== EXERCISE INSTRUCTIONS ==
This task calls for the lines below starting at the one containing "So the script" and ending at the one containing "Hello, everyone. In", repeated exactly with both ends kept and pictures left out.

━━ EXTRACTED DATA

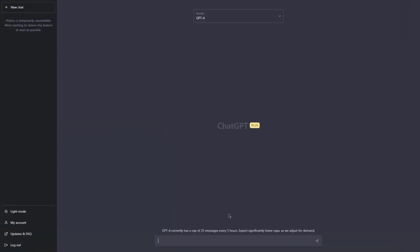Hello and welcome back to another lesson of our class, where we will talk about how you can use storytelling techniques in your prompt writing.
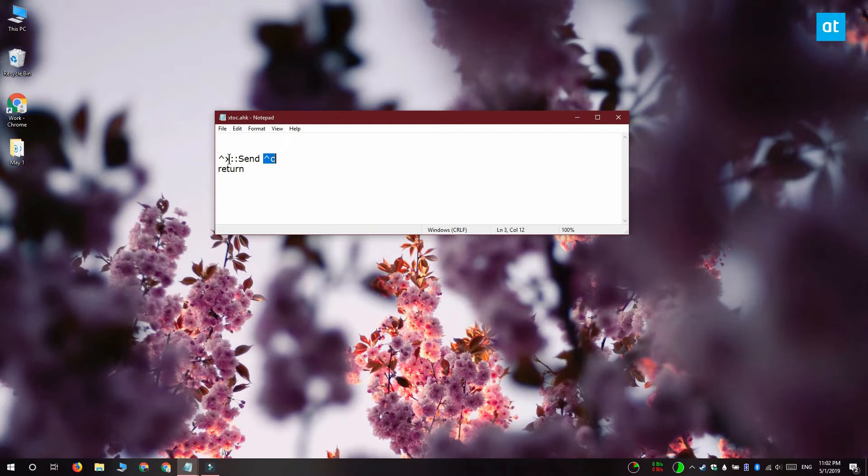So the script basically tells the system that when Ctrl plus X is pressed, it's supposed to execute Ctrl plus C.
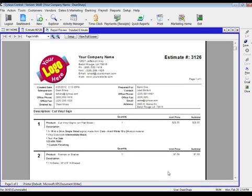Here is what your customer will be getting. A quick review of the estimate. And over to the right, you'll notice I can print this or I can email it directly to the customer.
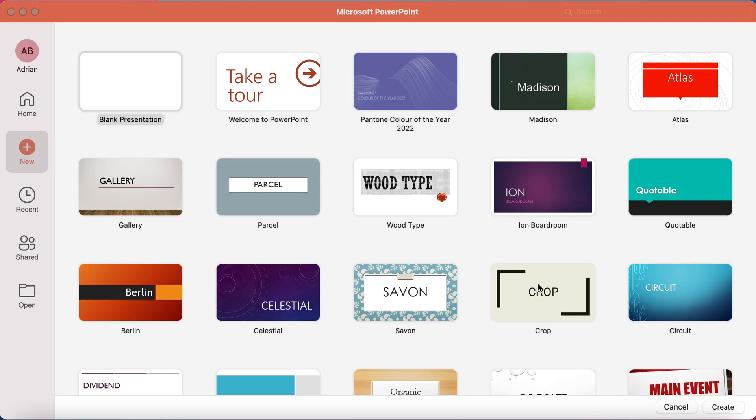Hello, I'm Adrian of excelattheoffice.com, and in this quick video I'm going to show you how you can sort out the orientation, so landscape or portrait, and also the size of your slides.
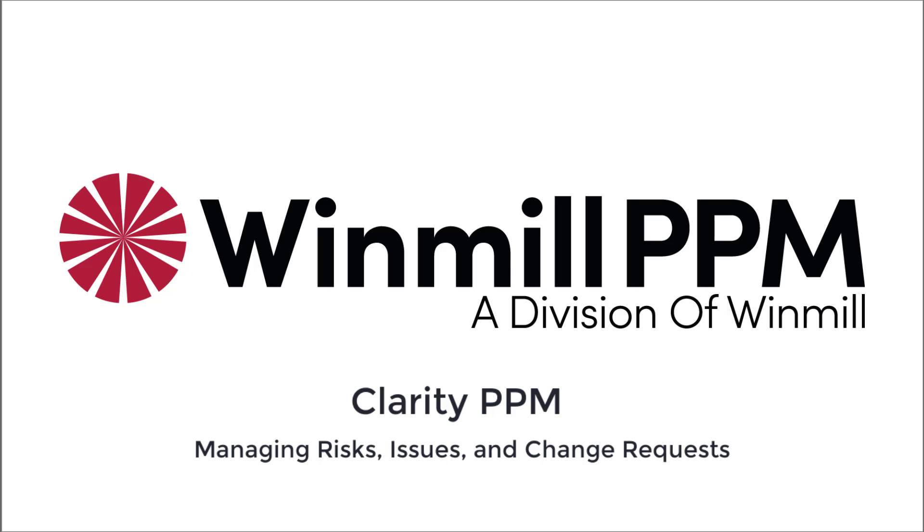Hello, everyone. In this video, Windmill Software will demonstrate how to create risks, issues, and change requests in Clarity PPM.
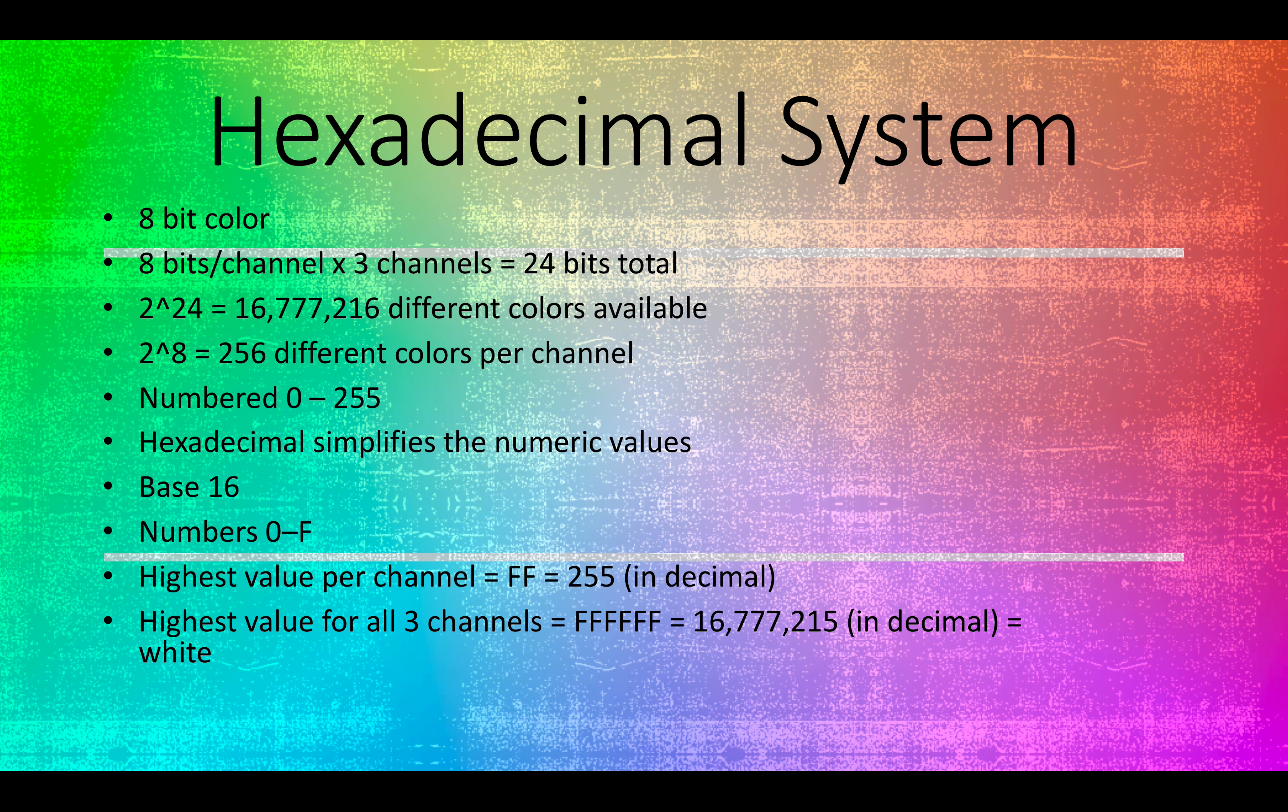These are numbered 0 through 255 in the decimal system. It's going to be 0, meaning none of that channel - red, green, blue. 255 meaning the most of that color, the greatest amount. But this 0 through 255 is actually kind of difficult.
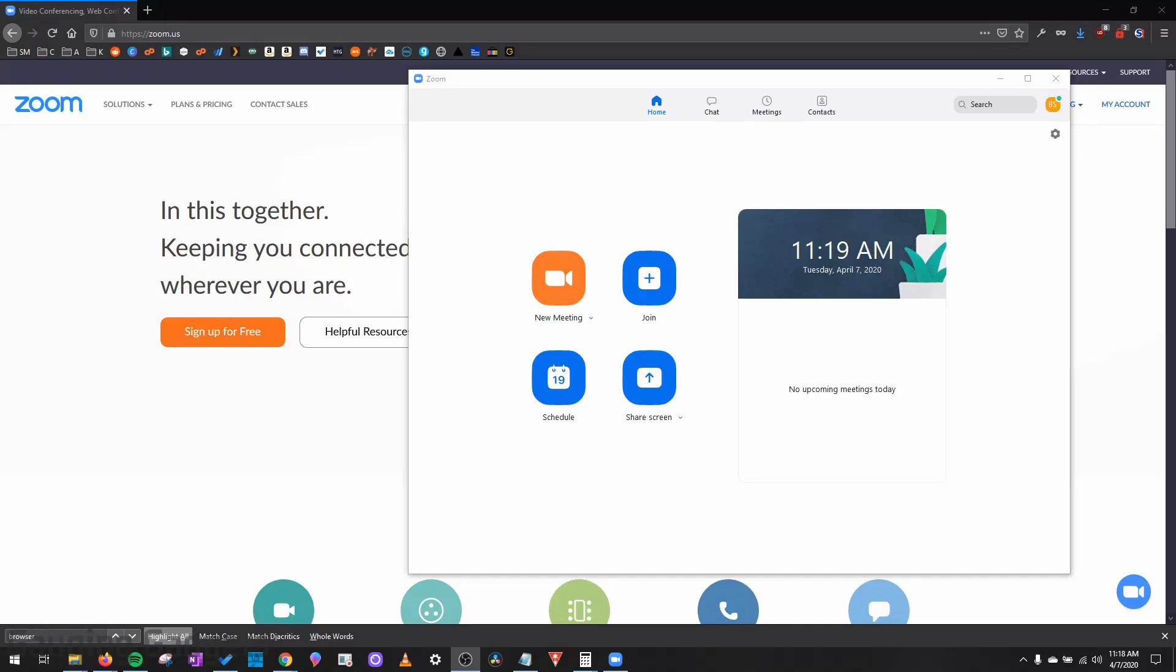Hey guys, welcome to another Gauging Gadgets Zoom tutorial video. In this video I'm going to show you how to turn off waiting rooms in Zoom meetings.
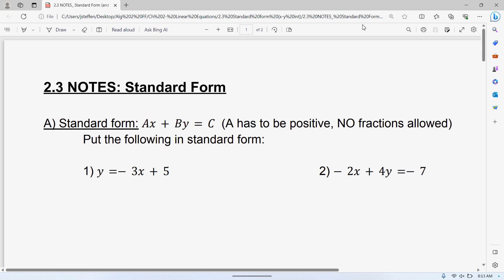The thing with standard form, in my opinion, the hard part about it is that it's not really bad, but then you realize it's pretty good. I honestly think the hardest part of standard form is just putting it into standard form. So that's what we're going to do first.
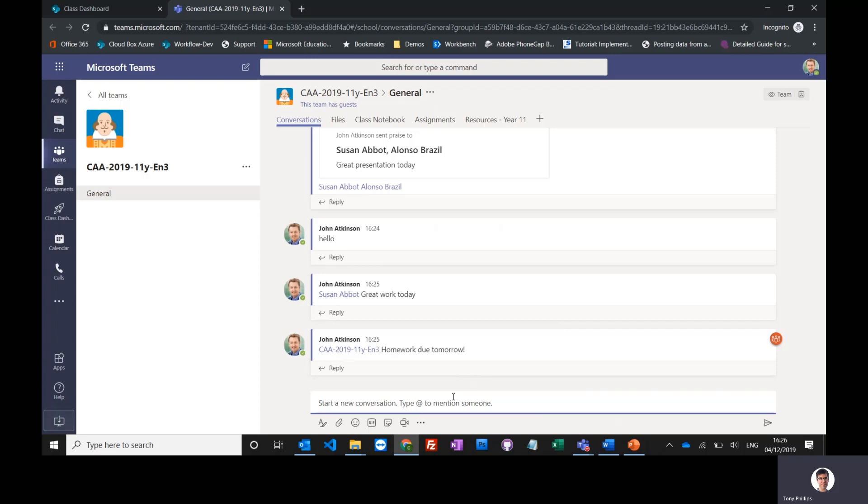You know, they may be well behaved but they don't necessarily put their hands up in class and those discussions, even if they know the answer. So this is another way to communicate with those students and include them in those group discussions.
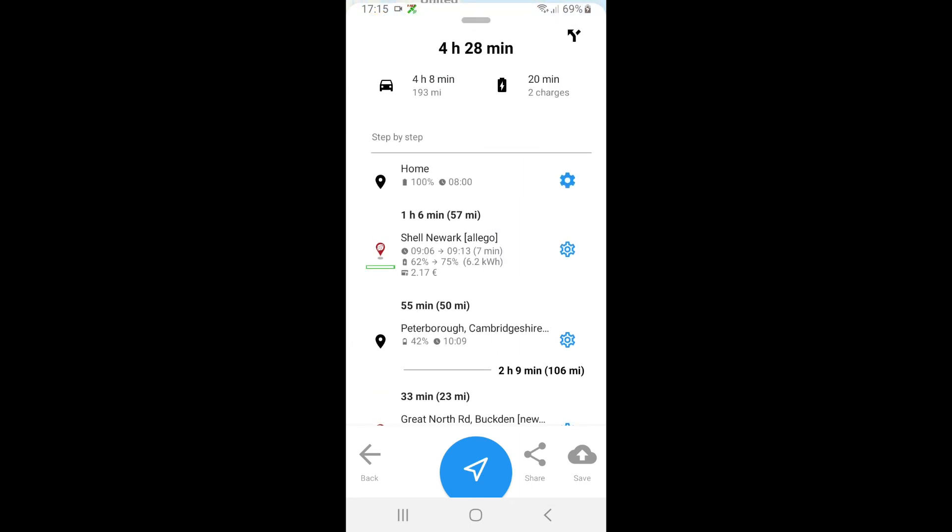I can also see I depart my home at eight o'clock which we set, and then the next thing is I will charge at Shell Newark from 62 to 75 percent, and that will mean from 9:06 to 9:13 and it will cost me £2.17. I will then get to Peterborough with 42 percent, but I'm going to leave Peterborough at 11 o'clock.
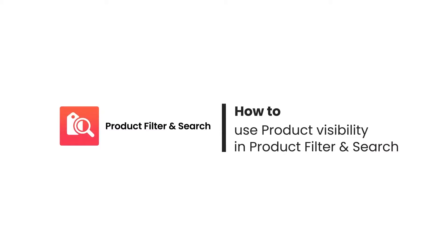Hi everyone. Welcome to Boost product filter and search tutorial video series. In this video, you'll learn how to hide one or multiple specific products from the collection page and search result using product visibility feature.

━━━━

== OUTPUT BELOW ==
So the script basically tells the system that when Ctrl plus X is pressed, it's supposed to execute Ctrl plus C.
Here is what your customer will be getting. A quick review of the estimate. And over to the right, you'll notice I can print this or I can email it directly to the customer.
Hello, I'm Adrian of excelattheoffice.com, and in this quick video I'm going to show you how you can sort out the orientation, so landscape or portrait, and also the size of your slides.
Hello, everyone. In this video, Windmill Software will demonstrate how to create risks, issues, and change requests in Clarity PPM.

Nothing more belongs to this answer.